Poesjkin was graag en vaak verliefd, maar hij deed ook aan politiek en durfde voor zijn mening uit te komen. Daarom werd hij in 1820 verbannen naar het zuiden, waar hij tot 1826 moest blijven. Toen mocht hij van tsaar Alexander I, onder strenge voorwaarden, terugkeren naar Sint - Petersburg.

Waar hij zich ook bevond, het schrijven lukte altijd wel. Vooral dichten ging hem gemakkelijk af. Hij publiceerde naast talloze losse gedichten, ook novellen in verzen (zoals De krijgsgevangene in de Kaukasus) en zelfs een complete roman in verzen: Jevgeni Onegin (zie 12-07-2019), waar Tsjajkovski in 1878 een opera van maakte. Dat gebeurde trouwens wel vaker met werk van Poesjkin. Zijn toneelstuk Boris Godoenov is door Moessorgski in 1874 gebruikt voor een opera, terwijl zijn stuk Mozart en Salieri door diverse handen ging. Ga maar na: in 1897 wordt het de stof van alweer een opera, dankzij Rimski - Korsakov; in 1979 gebruikt Peter Shaffer het gegeven voor een toneelstuk, getiteld Amadeus. In 1984 wordt de gelijknamige, uiterst succesvolle film  uitgebracht, gebaseerd op Shaffers stuk, geregisseerd door Milos Forman. Het grote publiek, de vakmensen: allen omarmden en omarmen Poesjkin.

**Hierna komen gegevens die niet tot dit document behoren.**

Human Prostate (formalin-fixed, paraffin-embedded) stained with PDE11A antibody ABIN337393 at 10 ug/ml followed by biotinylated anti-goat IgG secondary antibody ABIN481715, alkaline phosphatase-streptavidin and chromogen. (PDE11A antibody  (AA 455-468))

Privé bleef hij uitgebreid liefhebben, ook nadat hij in februari 1831 trouwde met zijn jonge, mooie en lichtzinnige Natalja. Hij gokte, maakte schulden, en schreef tussendoor ook proza. Korte verhalen als Schoppenvrouw (een geestverschijning vertelt Herman welke drie kaarten hij moet gebruiken om een fortuin te winnen) en De stationsopzichter (een vader maakt van dichtbij mee hoe zijn mooie, naïeve dochter verleid wordt door een knappe huzaar). Een echte, korte roman is De kapiteinsdochter, vol met onbeantwoorde, onbereikbare, eeuwige liefdes, belegeringen, moed en lafheid en een gelukkig huwelijk. Zijn proza is wat soberder dan zijn poëzie, glashelder, beeldend, met personages zó levensecht zijn dat je ze op straat zou herkennen. Daarom staat Poesjkin terecht in het rijtje van de grote oude Russen, samen dus met Tsjechov, Tolstoj, Dostojevski.

Hoe liep het eigenlijk met hem af? Waarom is hij zo jong gestorven? Op 27 januari 1837 duelleerde hij met Georges d'Anthès, zijn zwager, die een verhouding zou hebben met Natalja. Georges schiet eerder dan geoorloofd, de schrijver wordt getroffen in zijn buik en sterft op 29 januari 1837 aan zijn verwondingen. Inderdaad, bij een man met zo'n leven past geen gewone dood.
A.S. Poesjkin, Werken. Gekozen en vertaald door Hans Boland. De Russische Bibliotheek, Van Oorschot, Amsterdam, 2018. 899 blz.